Dunque, Franceschini fu sicuramente anti-italiano, ma non ebbe un ruolo importante nella fine di Batttisti. Molto più dubbia è la sua posizione rispetto a Filzi, che prestava servizio nello stesso reparto di Battisti come sottotenente. La figura di Filzi è tanto oscurata da quella di Battisti (benché abbia ricevuto la stessa decorazione, la medaglia d'oro al valor militare alla memoria) che è difficile sapere se gli austriaci sapessero o meno della sua presenza in zona di operazioni. Secondo gli atti del processo, si faceva passare per un tale Francesco Brusarosco ma fu ugualmente riconosciuto da un roveretano. Siccome Franceschini aveva studiato nello stesso suo liceo a Rovereto, è possibile, se non probabile, che il roveretano in questione sia lui.
La sera del 12 luglio 1916, al Castello del Buonconsiglio di Trento, Battisti e Filzi furono impiccati uno dopo l'altro, dopo essere stati giudicati colpevoli di alto tradimento da una corte marziale.
Battisti condotto al patibolo

L'esecuzione in una stampa del tempo





Altre immagini delle due esecuzioni

Su questo punto, si apre un'altra questione. Il loro processo fu legittimo o no?
Dall'esame delle carte processuali, compiuto anche da qualificati giuristi come Sandro Canestrini, sembra che Filzi potesse essere processato e perfino condannato, ma Battisti no. Filzi, un avvocato nato in Istria nel 1884 ma vissuto prevalentemente in Trentino, aveva disertato dall'Esercito Austriaco, per il quale aveva prestato giuramento nel 1905, emigrando clandestinamente in Italia nel novembre del 1914 per non ritrovarsi a combattere contro gli italiani se questi fossero entrati in guerra. Sin dall'aprile del 1916 era già stato dichiarato ufficialmente come disertore.
La situazione di Battisti era diversa. L'irredentista, docente universitario nato nel 1875, si era trasferito in Italia nell'agosto del 1914 dopo aver ottenuto dalle autorità austroungariche un regolare passaporto. Con l'arruolamento nell'Esercito italiano era diventato cittadino italiano a tutti gli effetti. Ma, anche se questo non gli fosse stato riconosciuto, se fosse stato ancora cittadino austriaco, sarebbe stato anche un deputato al Parlamento austriaco (non esisteva alcun provvedimento formale di decadenza) e quindi non poteva essere giudicato da una corte marziale.

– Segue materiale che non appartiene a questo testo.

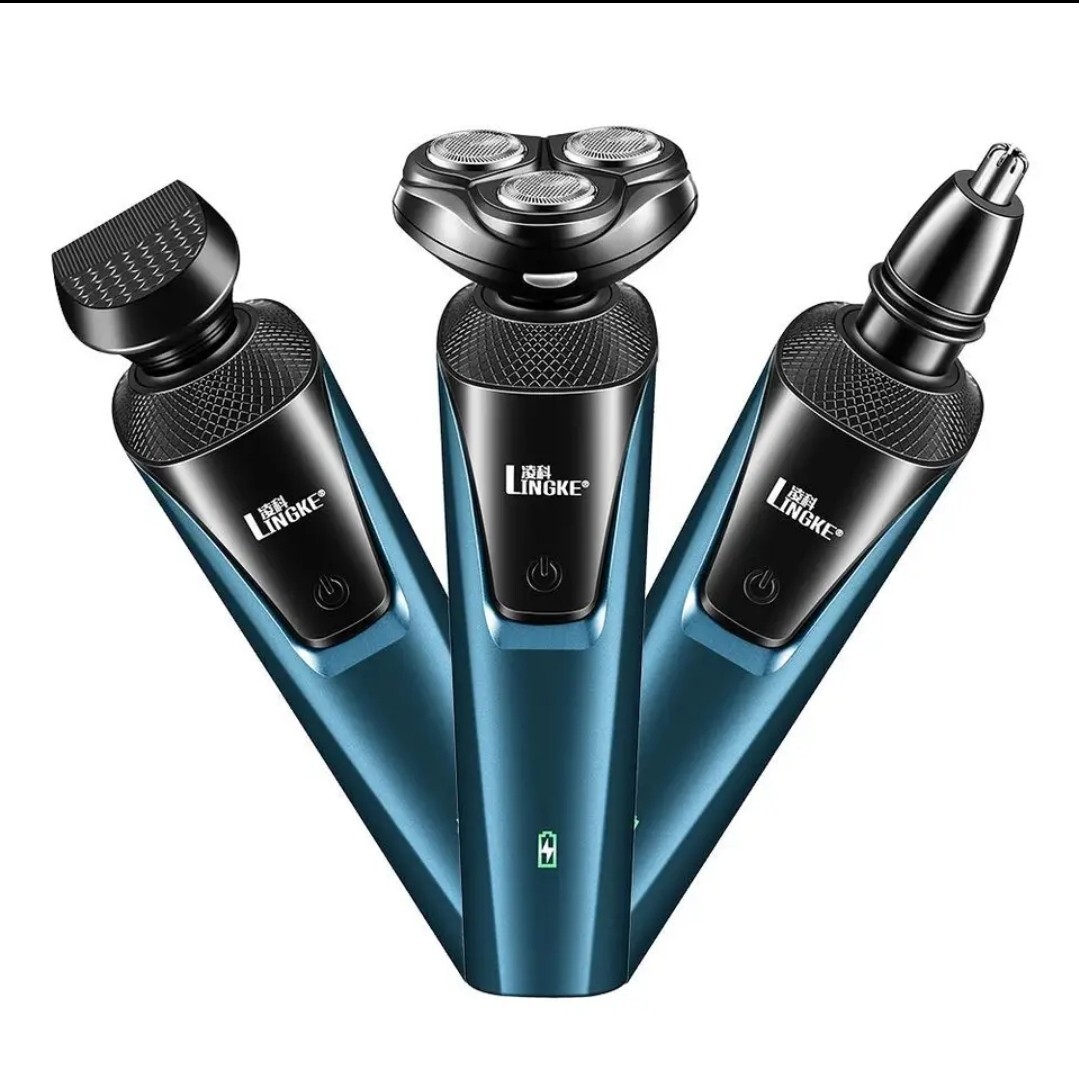 3-in-1 Wet & Dry Electric Shaver, Washable Rechargeable Men’s Electric Shaver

L'esecuzione di Battisti, preceduta dal linciaggio morale della folla e praticata in modo inutilmente sadico dal boia che lasciò spezzare la prima corda per poterlo impiccare una seconda volta, è stata dunque un crimine, senza se e senza ma, checché ne dicano i revisionisti della domenica.

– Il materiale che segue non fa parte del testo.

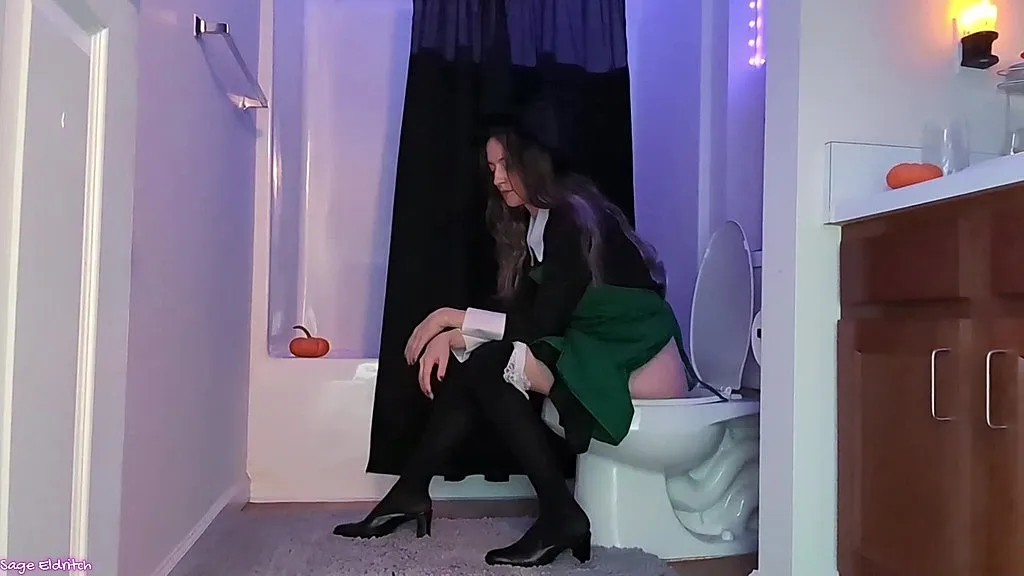 Halloween Witch Sage Eldritch's Peeing Session in Black Skirt and Pantyhose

Piuttosto, va sottolineato come la propaganda italiana spostò l'attenzione da Filzi a Battisti per poter fare di Franceschini un capro espiatorio. Sebbene moralmente ripugnante, il suo riconoscimento di Filzi era un atto perfettamente legittimo, dunque non valeva la pena di accostarlo a questo. Come traditore di Battisti, invece, apparve chiaramente come un mostro.